Since the production of cytokines by immunocompetent cells such as T cells is extremely small, their purification is very difficult. T cell hybridomas can be developed to obtain large amounts in vitro [8]. D9(E6) C2B3 expressed gerbil IL6 mRNA, and D9(E6)C2B3 and D9 (E4) expressed gerbil TGFB mRNA. Culture in D9(E6)C2B3-CM significantly enhanced antibody production and expression of gerbil Cγ1 and Cε IGHC mRNAs by B11D2(C2). IL6, a multipotential cytokine that plays roles in regulating immune responses, acute-phase reactions, and hematopoiesis, induces proliferation of and antibody production by hybridoma cells [18]. Mouse IL6 stimulates cell proliferation [1, 17, 26] and antibody production [15, 19] by some mouse hybridoma cell lines. Recombinant human IL6 enhanced Ig secretion by rabbit–rabbit hybridoma cells [13]. In contrast, culture in D9(E6)C2B3-CM and D9(E4)-CM did not improve the proliferation of B11D2(C2) cells. TGFB is produced by T cells, is required for cell survival, and activates monocytes, astrocytes, and microglia [9]. It also inhibits proliferation of T and B cells, maturation of cytotoxic lymphocytes and natural killer cells, and activation of macrophages [11]. These results suggest that gerbil TGFB in D9(E6)C2B3-CM and D9(E4)-CM suppressed the proliferation of B11D2(C2) cells.

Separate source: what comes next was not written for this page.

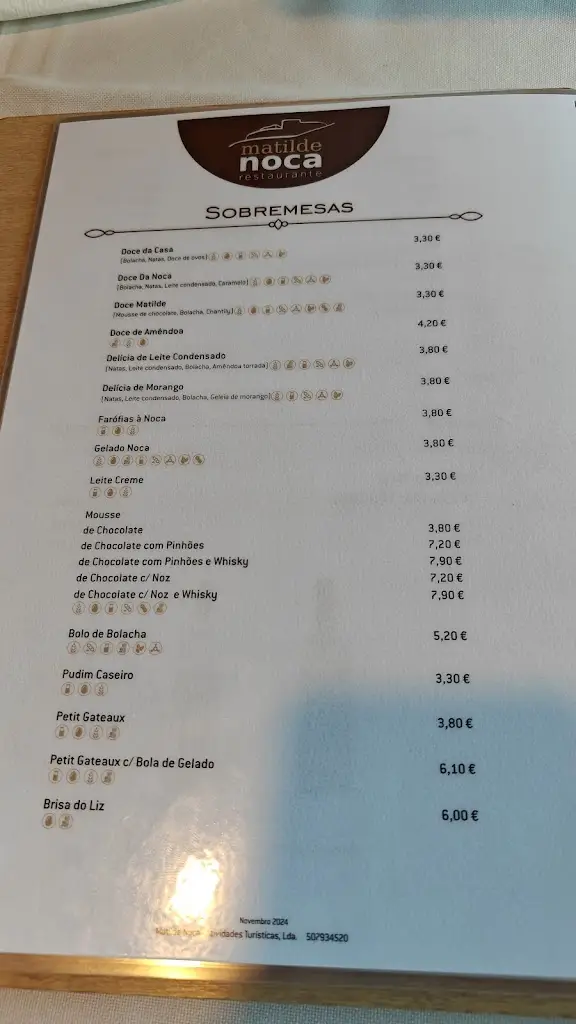 Menu_Restaurante Matilde Noca_Leiria_image_3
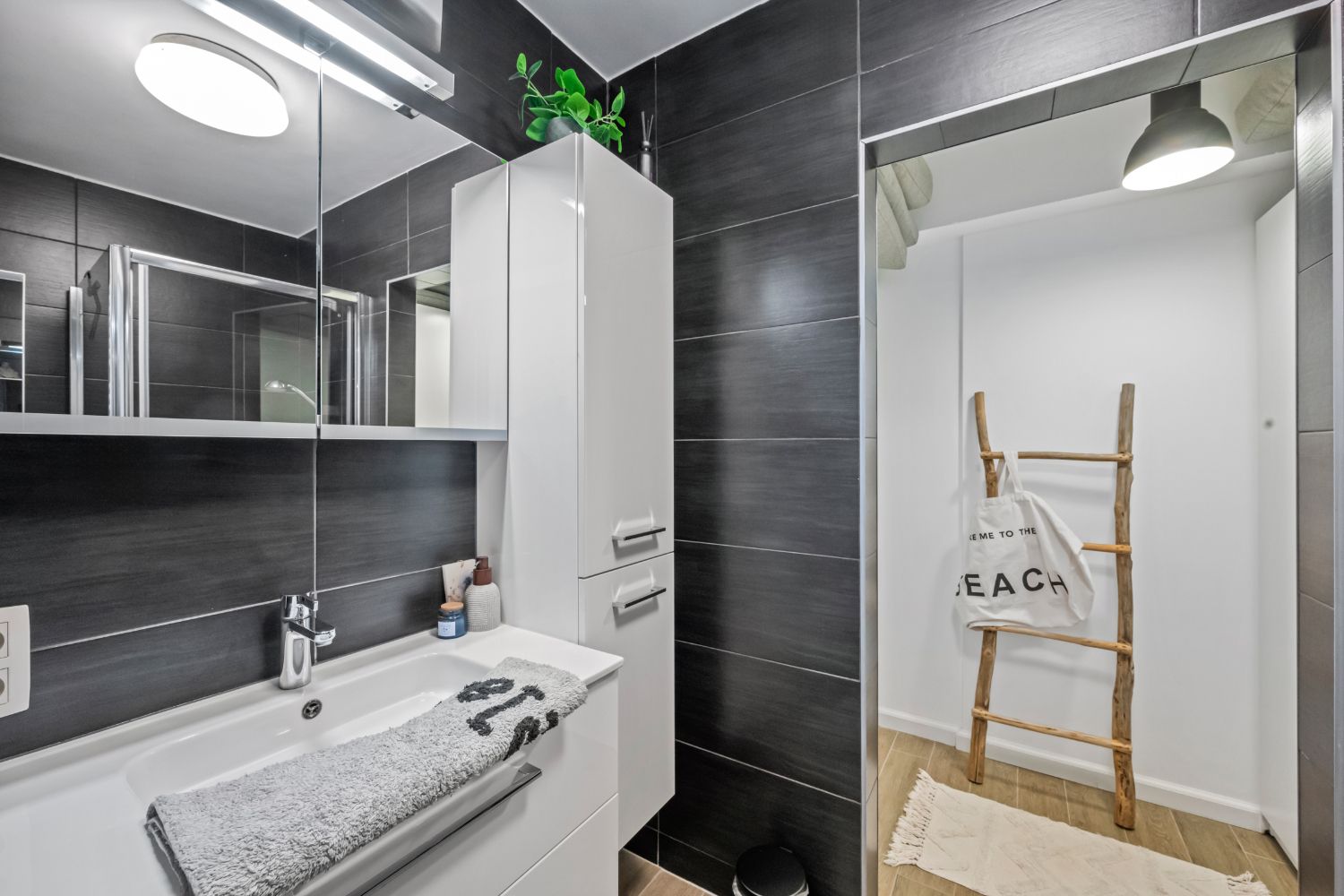 Stijlvol afgewerkt penthouse met 1 slaapkamer in het hart van Blankenberge foto 11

D9(E6)C2B3-CM significantly elevated the production of antibody by B11D2(C2) compared with the control, but D9(E4)-CM showed no effect. Both D9(E6)C2B3 and D9(E4) are derived from the D9 heterohybridoma. Expression analysis of gerbil cytokines shows that the lines differed in the expression of gerbil IL6. This difference suggests that D9(E6)C2B3-CM contained a factor that elicits antibody production, and gerbil IL6 was one candidate.

Immunological reagents specific to gerbil cytokines or surface markers have not been available. Gerbil cytokines produced by gerbil–mouse heterohybridomas will be valuable for the culture of gerbil cells in vitro, the establishment of mAbs specific to gerbil cytokines, and a better understanding of innate and acquired immunity in gerbil.